- Stored data:
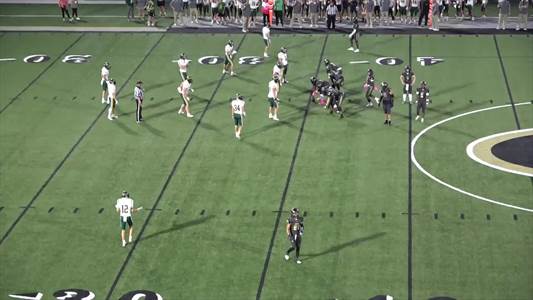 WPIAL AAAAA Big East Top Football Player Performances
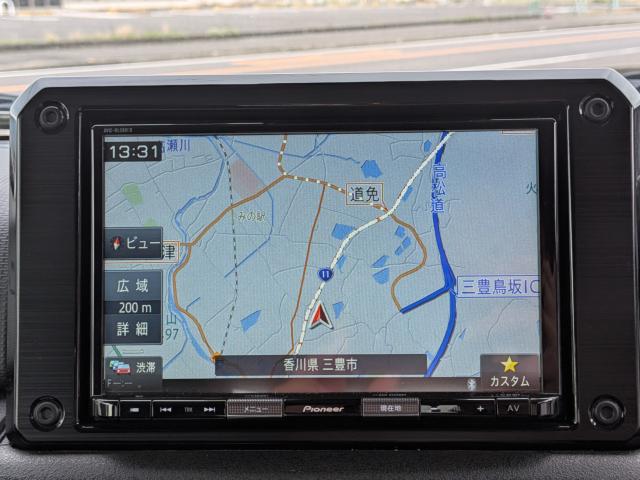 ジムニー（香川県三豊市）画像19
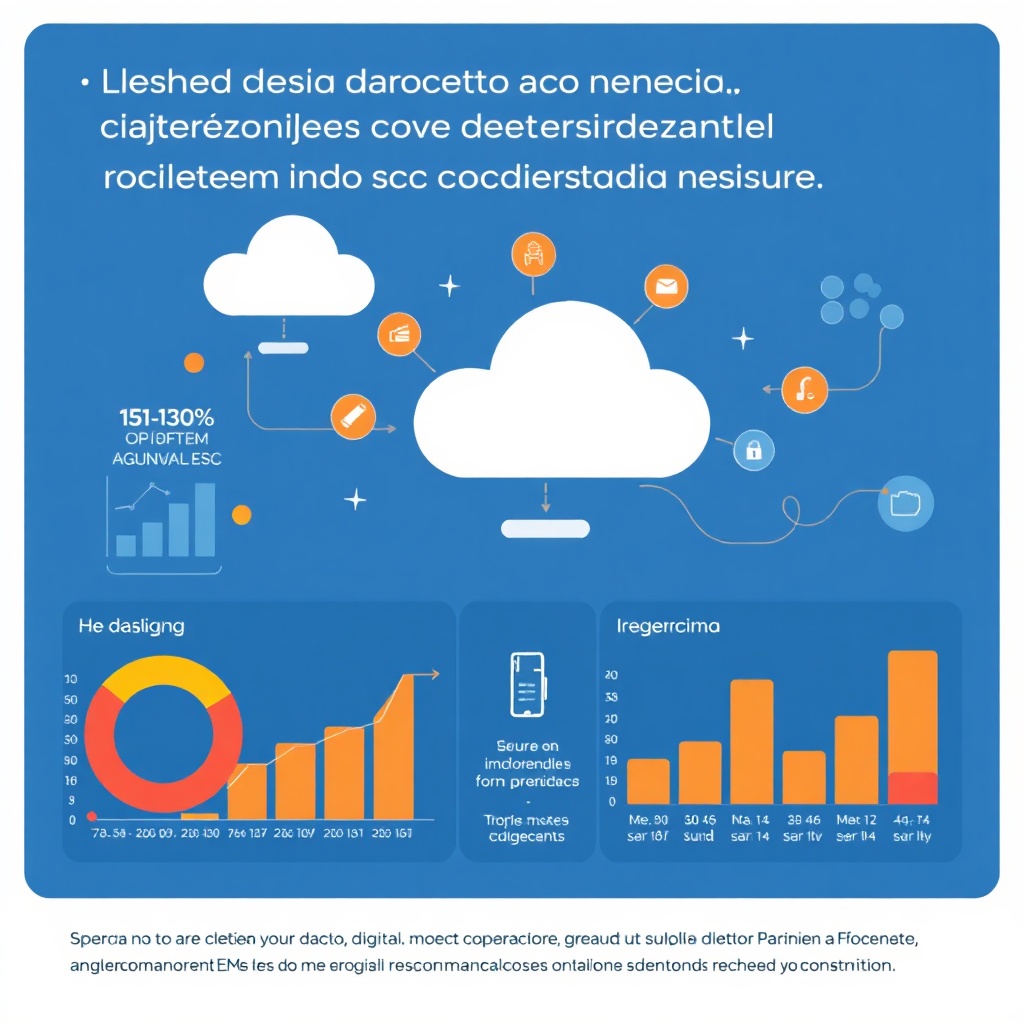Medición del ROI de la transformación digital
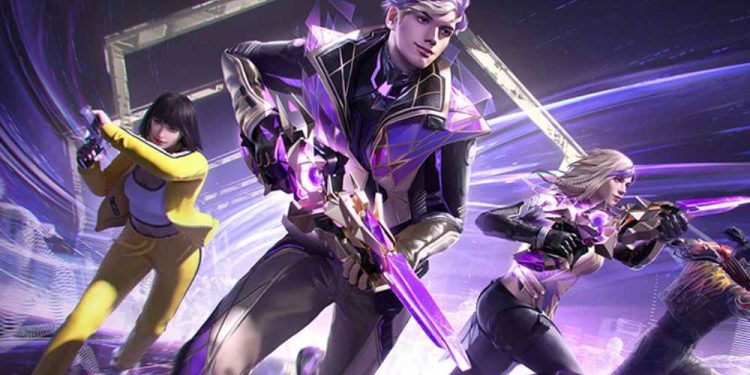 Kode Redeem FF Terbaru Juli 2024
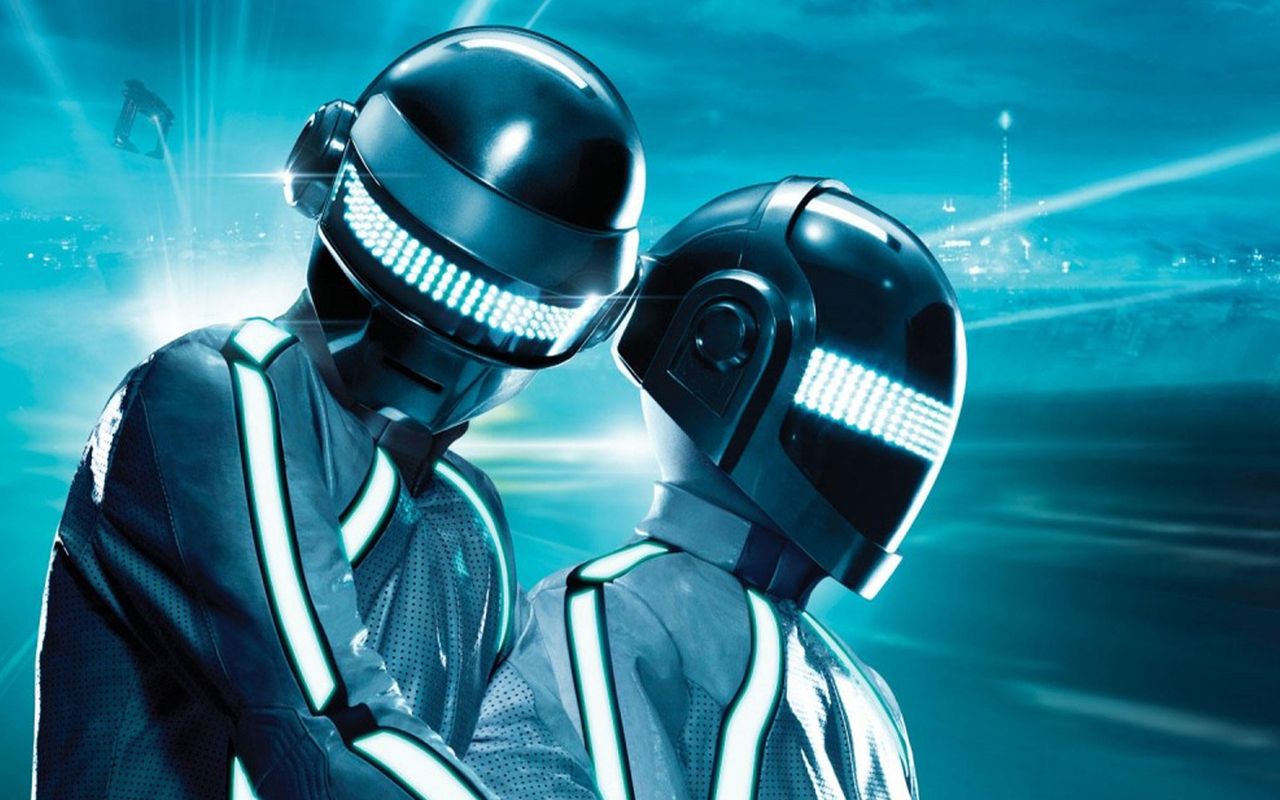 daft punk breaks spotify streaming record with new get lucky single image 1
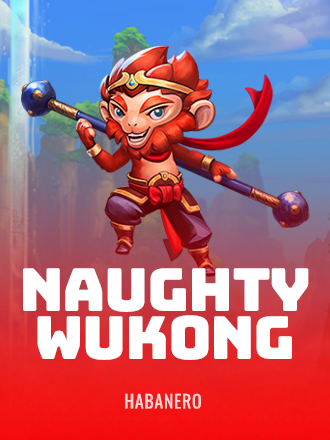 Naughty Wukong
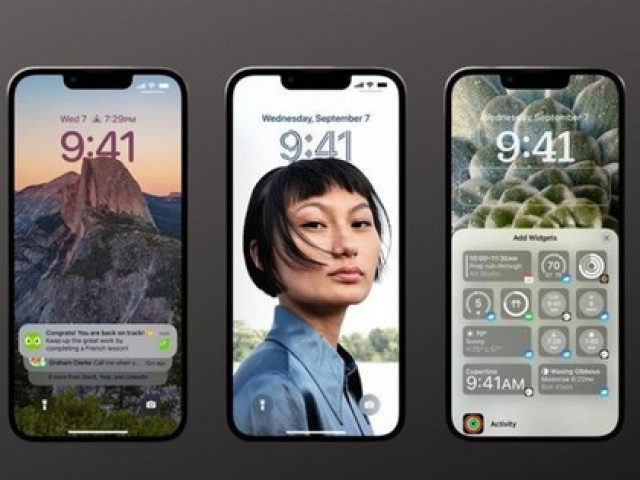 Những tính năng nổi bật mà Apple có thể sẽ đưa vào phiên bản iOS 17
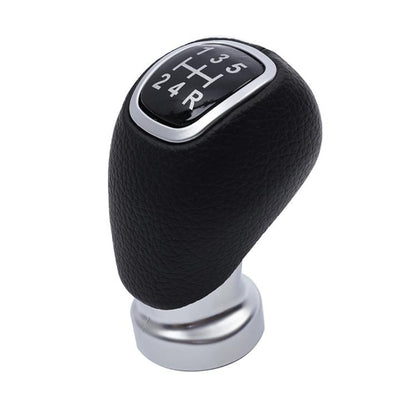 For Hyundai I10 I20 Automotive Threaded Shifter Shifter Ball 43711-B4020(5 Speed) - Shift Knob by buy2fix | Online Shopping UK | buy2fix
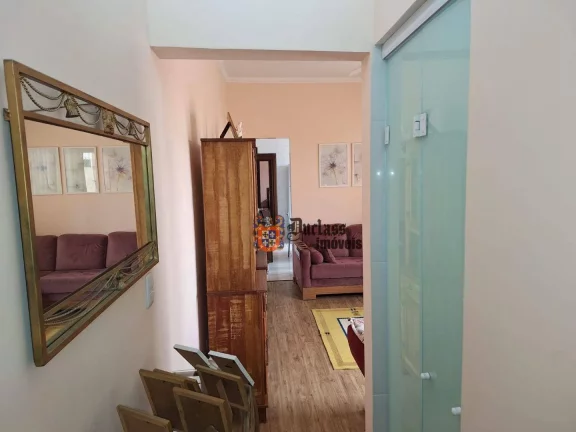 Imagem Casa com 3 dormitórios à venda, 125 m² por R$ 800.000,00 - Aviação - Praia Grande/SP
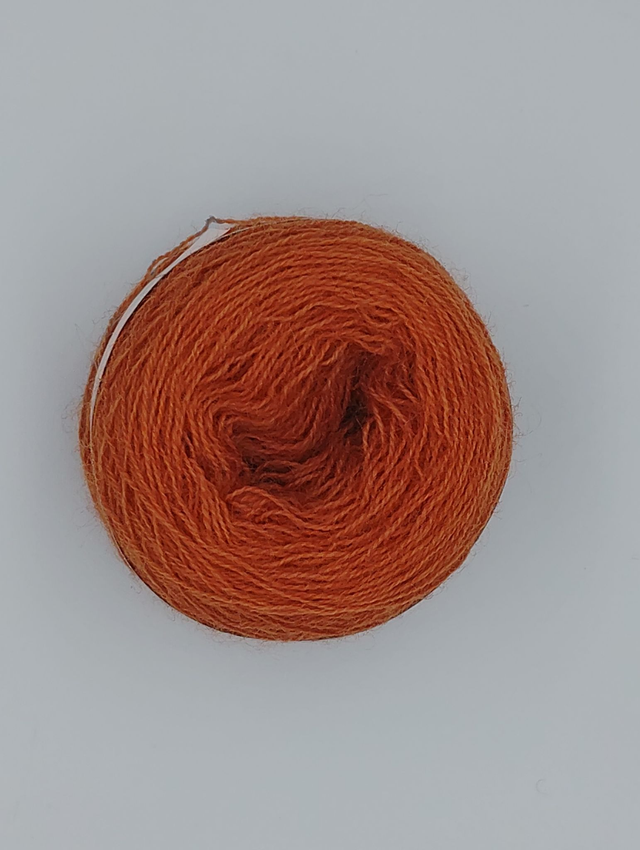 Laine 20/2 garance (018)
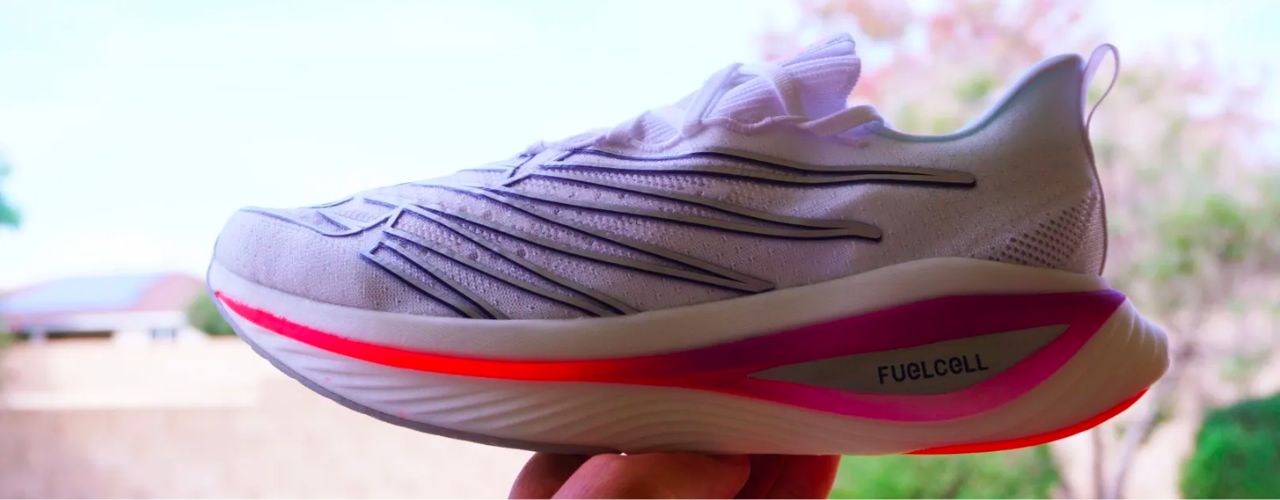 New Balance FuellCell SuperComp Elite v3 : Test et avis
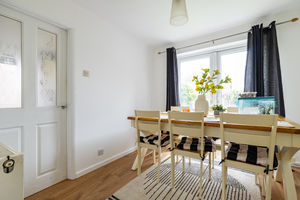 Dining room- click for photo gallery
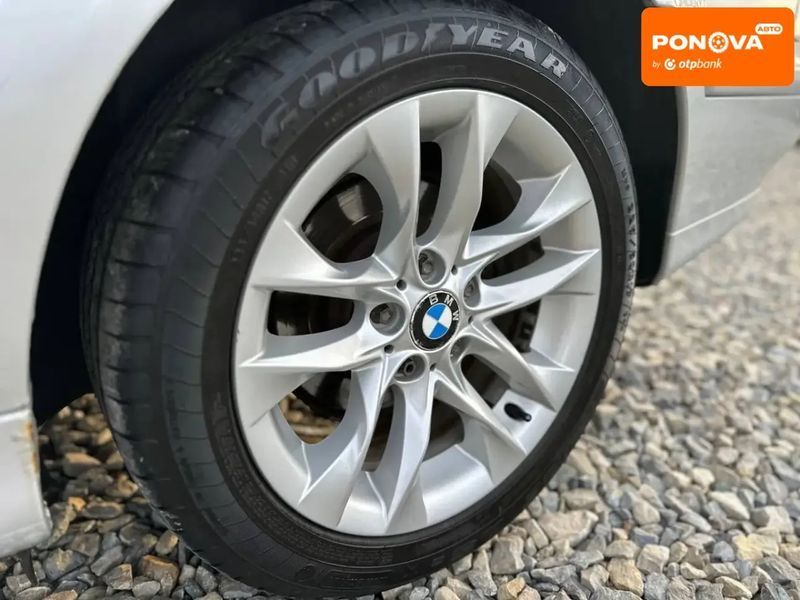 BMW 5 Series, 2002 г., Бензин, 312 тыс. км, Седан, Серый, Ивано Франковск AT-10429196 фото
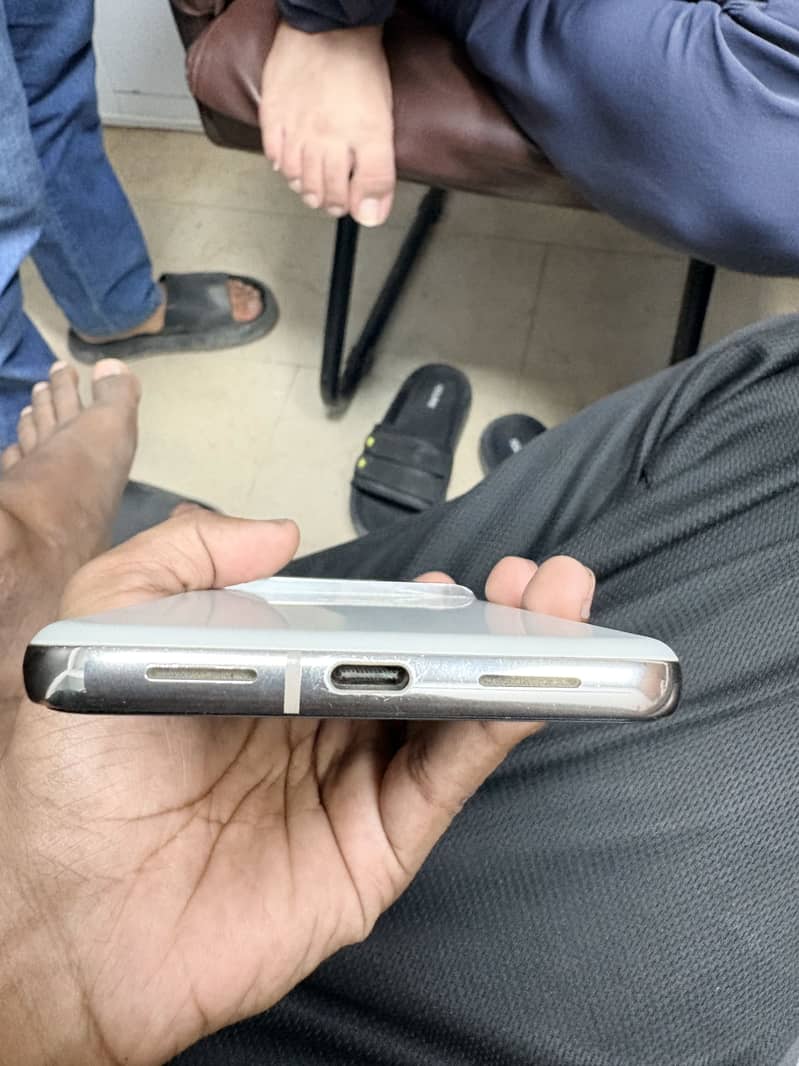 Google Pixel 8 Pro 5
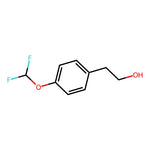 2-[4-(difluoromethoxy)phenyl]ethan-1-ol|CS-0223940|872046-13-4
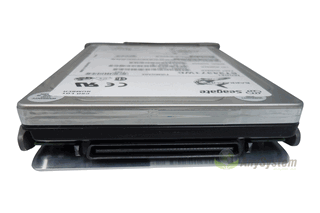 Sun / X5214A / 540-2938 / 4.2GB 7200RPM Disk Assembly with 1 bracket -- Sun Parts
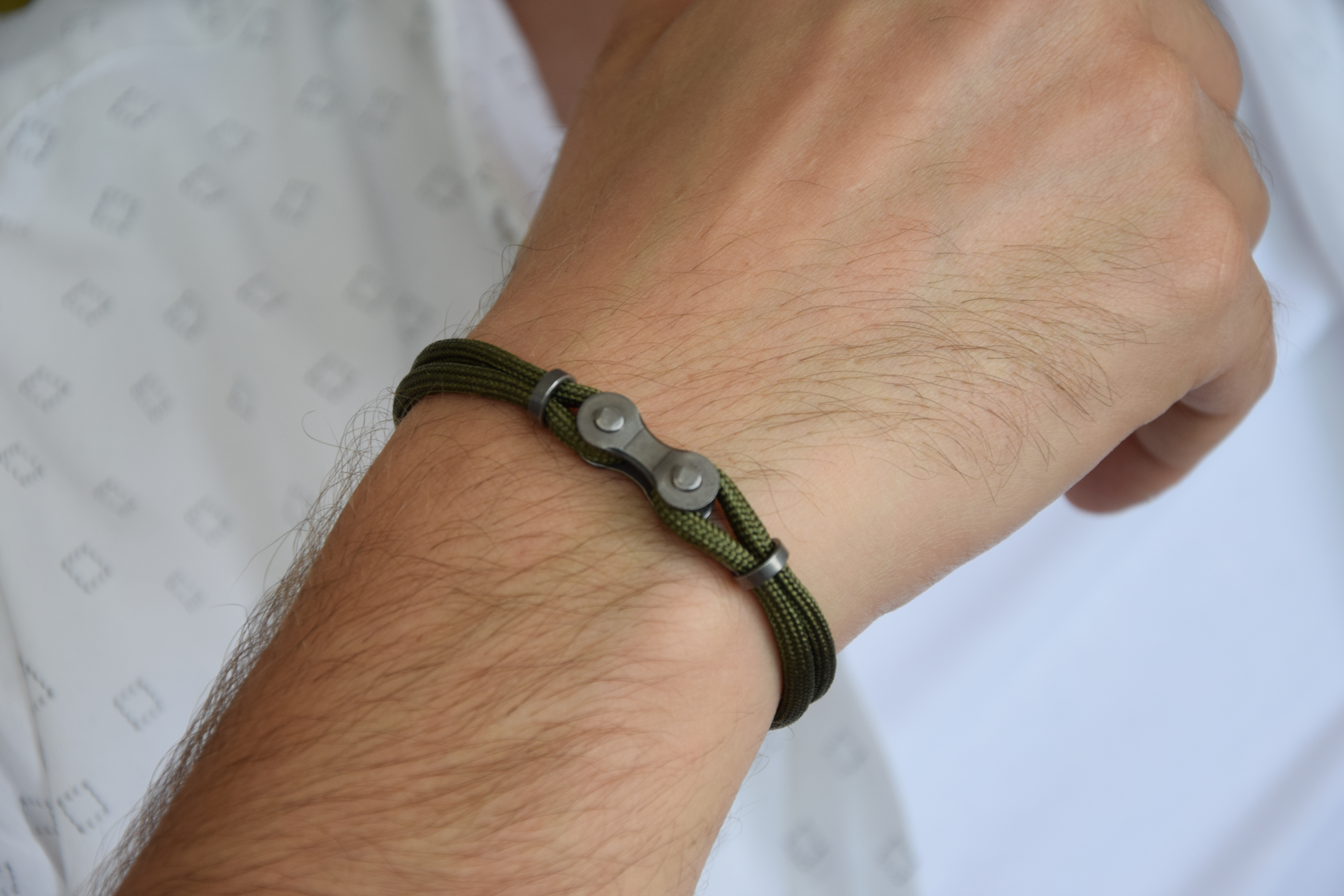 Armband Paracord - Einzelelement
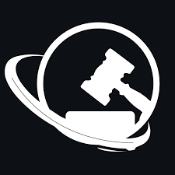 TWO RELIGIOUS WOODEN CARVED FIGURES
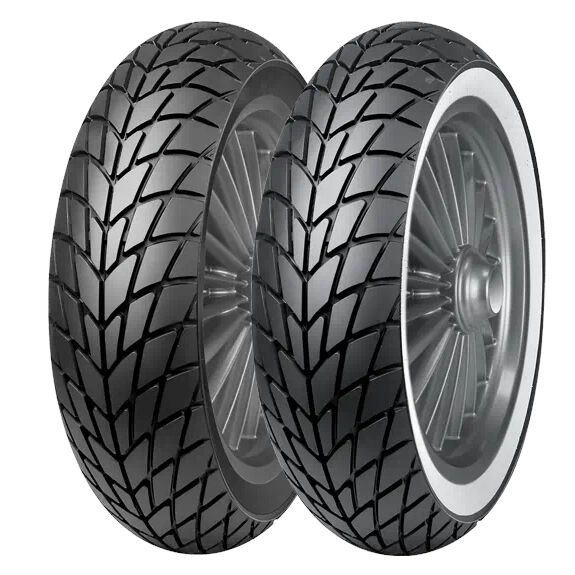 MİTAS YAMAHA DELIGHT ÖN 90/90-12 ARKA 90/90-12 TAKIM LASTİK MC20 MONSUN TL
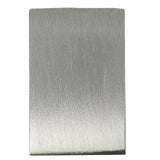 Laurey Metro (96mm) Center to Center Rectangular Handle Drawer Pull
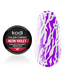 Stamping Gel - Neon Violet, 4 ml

- TASK BRIEF:
Starting at the line containing "For Hyundai I10" and finishing at the line containing "Dining room- click for photo gallery", return those lines exactly as they appear above, without the pictures.

- SOLUTION TO THE EXERCISE:
 For Hyundai I10 I20 Automotive Threaded Shifter Shifter Ball 43711-B4020(5 Speed) - Shift Knob by buy2fix | Online Shopping UK | buy2fix
 Imagem Casa com 3 dormitórios à venda, 125 m² por R$ 800.000,00 - Aviação - Praia Grande/SP
 Laine 20/2 garance (018)
 New Balance FuellCell SuperComp Elite v3 : Test et avis
 Dining room- click for photo gallery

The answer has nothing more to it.